The Allahabad High Court ruled that a Hindu marriage governed by the Hindu Marriage Act, 1955 cannot be declared void at the instance of the in-laws at a belated stage by alleging that the bride was underage at the time of the marriage.
The Court noted that under Section 5(iii) of the Hindu Marriage Act, 1955, the bridegroom must have attained the age of 21 years and the bride 18 years at the time of solemnisation of the marriage. However, Section 11 of the Act specifies that a marriage can be declared void only for violations of clauses (i), (ii) and (iv) of Section 5, and such a declaration can be sought only by either party to the marriage.
The Bench comprising Justice Arindam Sinha and Justice Satya Veer Singh observed:
“The Legislature has consciously excluded clause (iii) of Section 5 from the scope of Section 11. Moreover, the cause of action under Section 11 is available only to a spouse to the marriage, whereas the appellants are the parents of the deceased husband. Even Section 12, which deals with voidable marriages, does not refer to clause (iii) of Section 5 as a ground on which a marriage may be declared voidable or annulled by a decree of nullity.”
Amid a prolonged legal dispute between a war widow and her in-laws over the entitlement to benefits payable to the dependents of a deceased Army officer, the woman claiming to be the officer’s wife moved the Family Court in Uttar Pradesh seeking a declaration of the validity of her marriage.
The Family Court allowed her application. Aggrieved by this decision, the in-laws approached the High Court, contending that she was a minor at the time of the marriage and that the marriage was therefore void.

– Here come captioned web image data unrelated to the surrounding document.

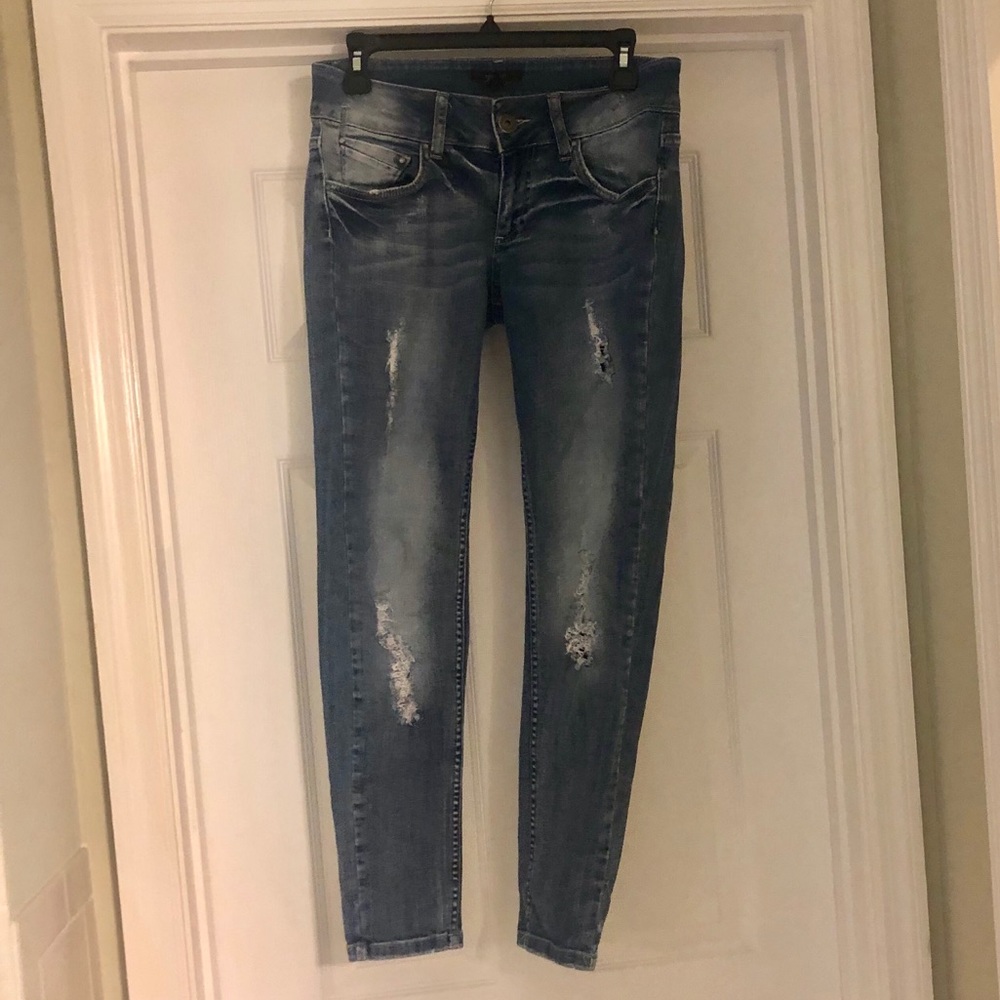 Distressed denim jeans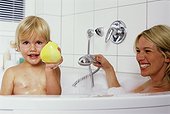 Mother and daughter sitting in bathtub, girl showing rubber duck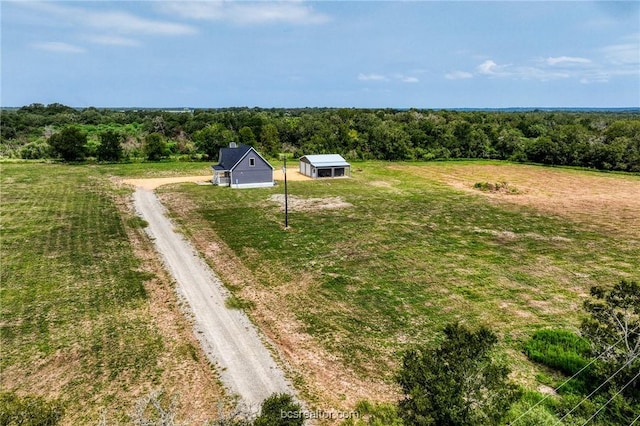 birds eye view of property with a rural view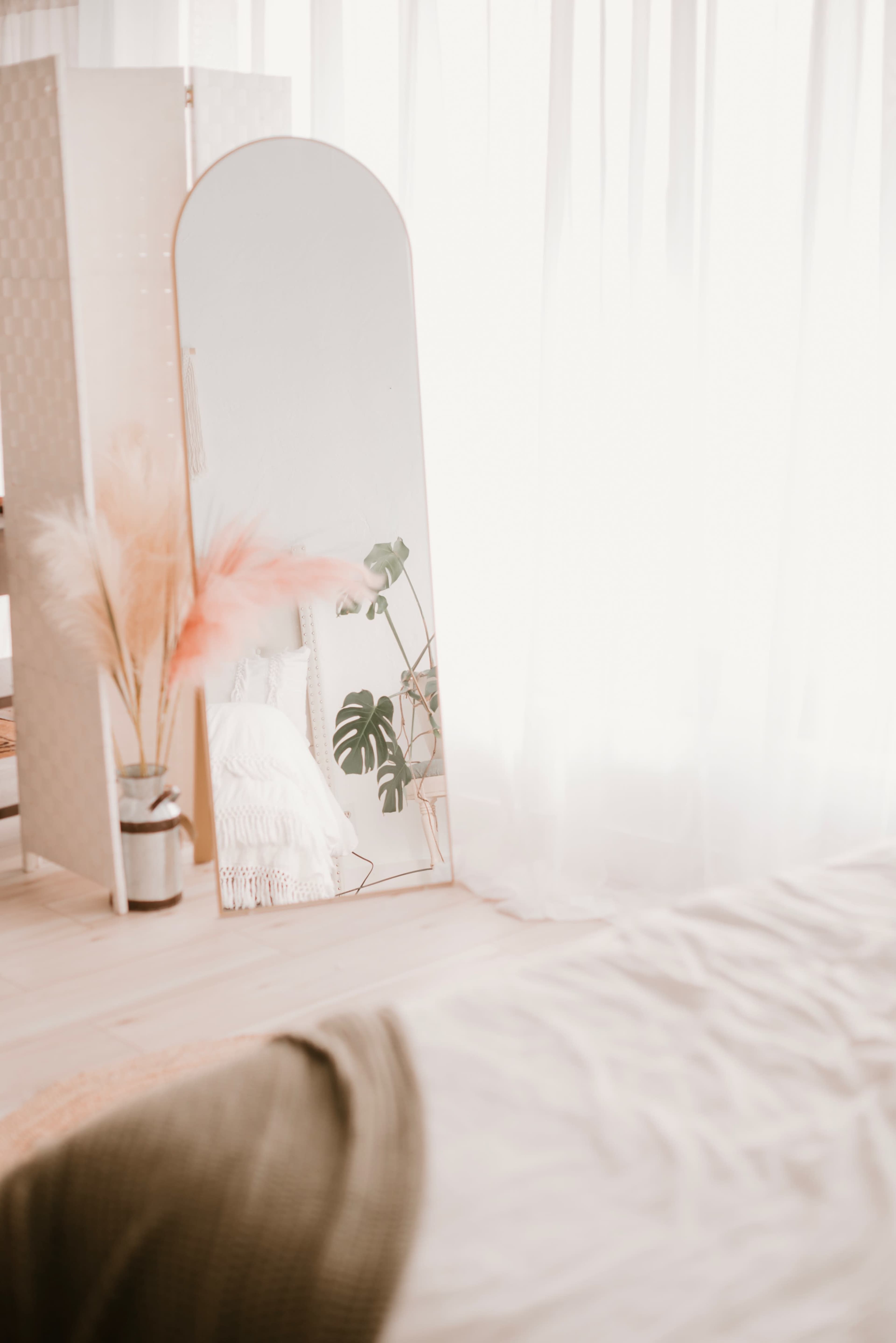 A minimalist bedroom featuring a large mirror reflecting a potted plant and a light fabric partition against a backdrop of sheer curtains.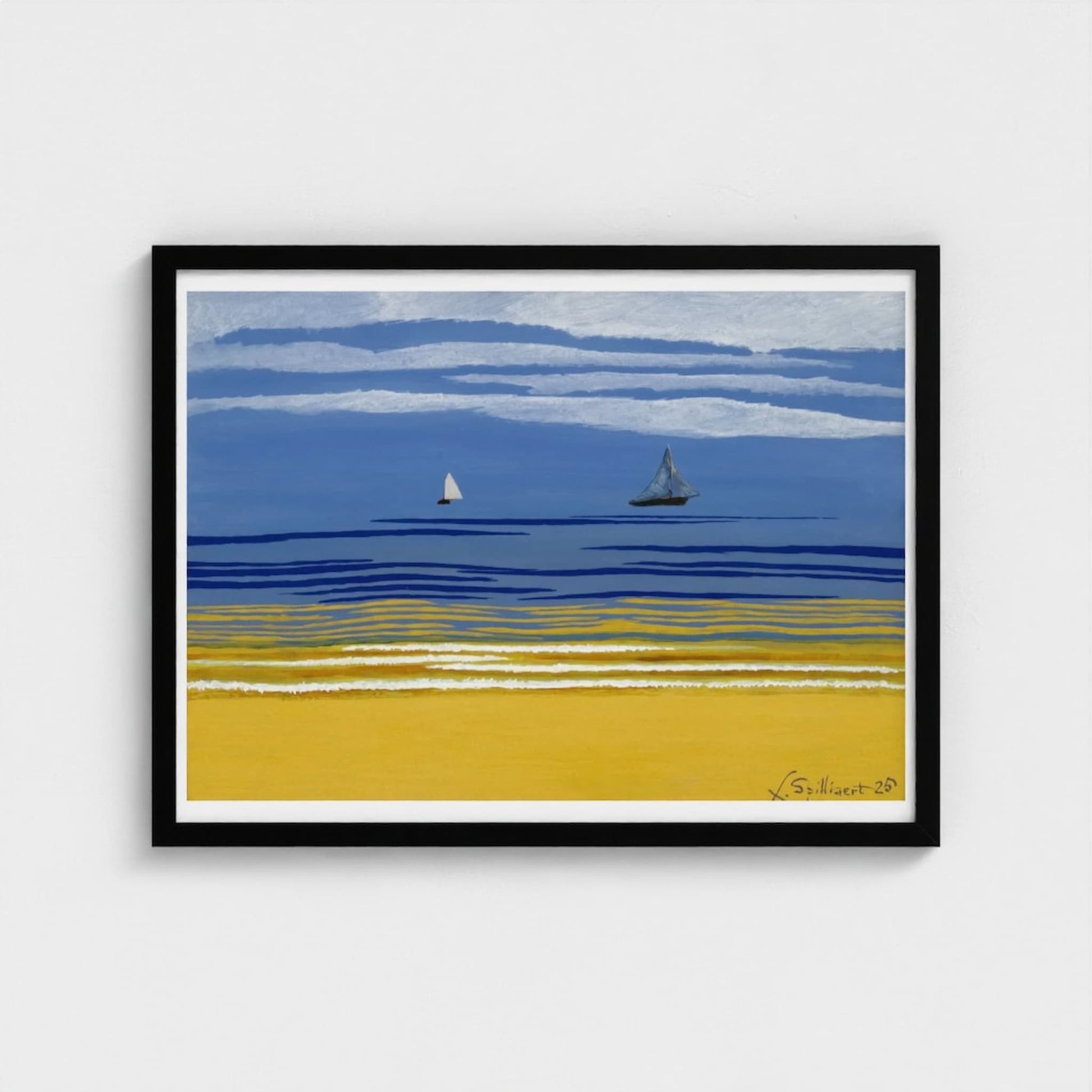 Framed artwork of two sailboats on a blue sky and yellow sand beach.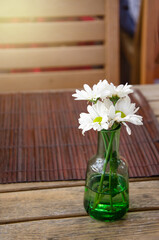 White flowers in a vase on a wooden table in a restaurant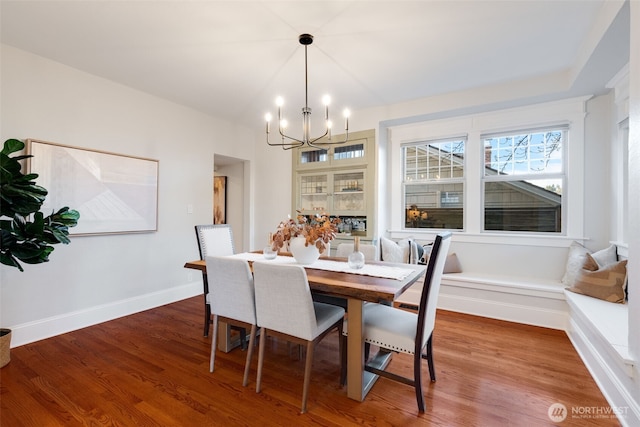 dining space featuring a notable chandelier, baseboards, and wood finished floors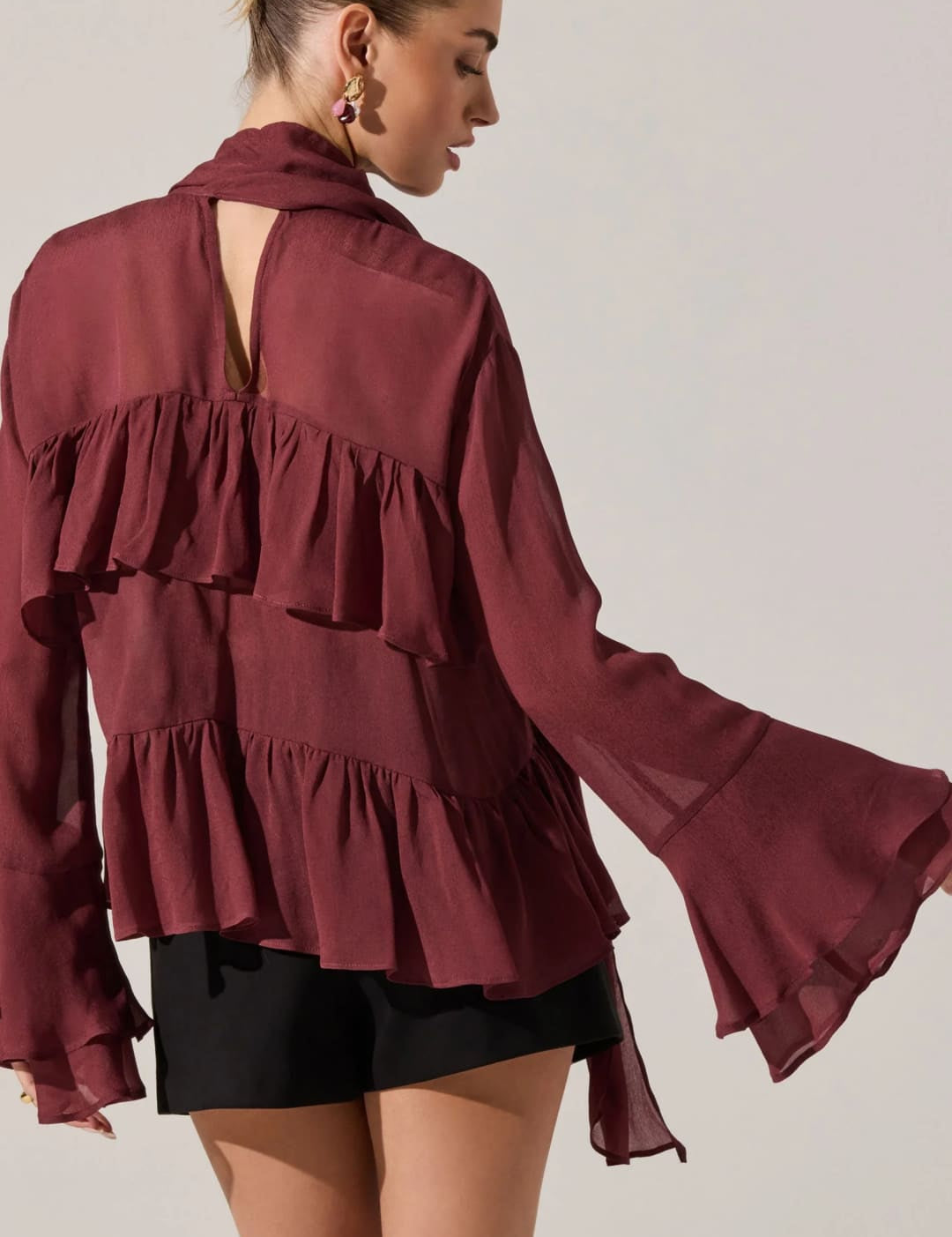 A sheer, tiered, ruffle-front blouse in a rich burgundy color, featuring a high collar with a keyhole back and long bell sleeves.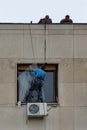 Worker hanging repair broken glass on window, two colleagues help him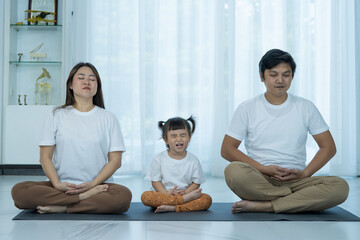 Happy parents with small preschooler girl meditation for positive emotions at home. Funny action.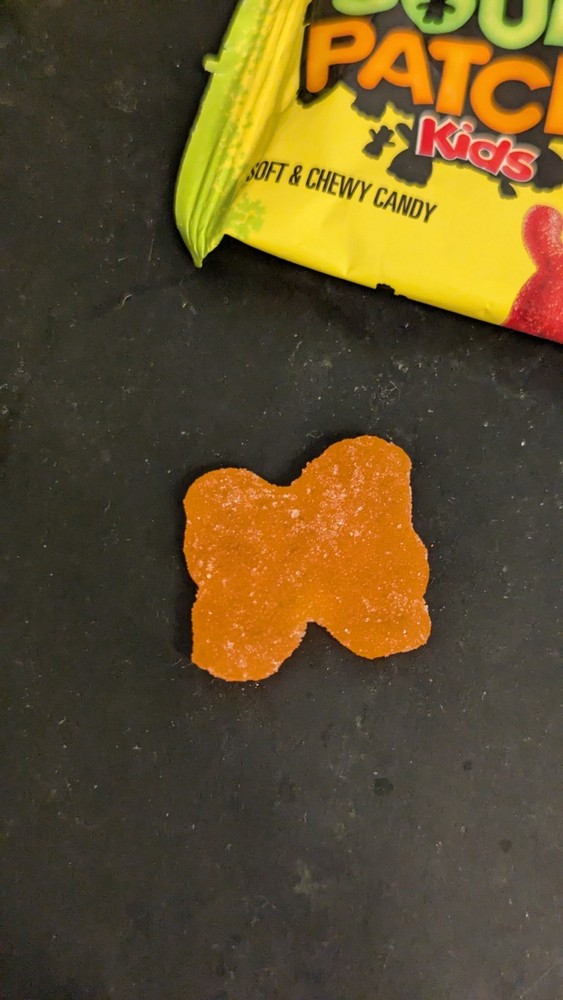 Orange flavored Orange conjoined sour patch kid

The Court observed that an identity card placed on record indicated that the wife was two months short of attaining 18 years of age at the time her marriage with the deceased was solemnised. It held that this circumstance did not constitute a ground for declaring the marriage void under Section 11 of the Act, particularly at a belated stage, more so when the plea had never been raised before any court earlier and was not even taken in the written statement filed before the Family Court.
The Court further held that a declaration of a void marriage can be sought only by the parties to the marriage and not by any third party. Consequently, the appeal filed by the in-laws was dismissed.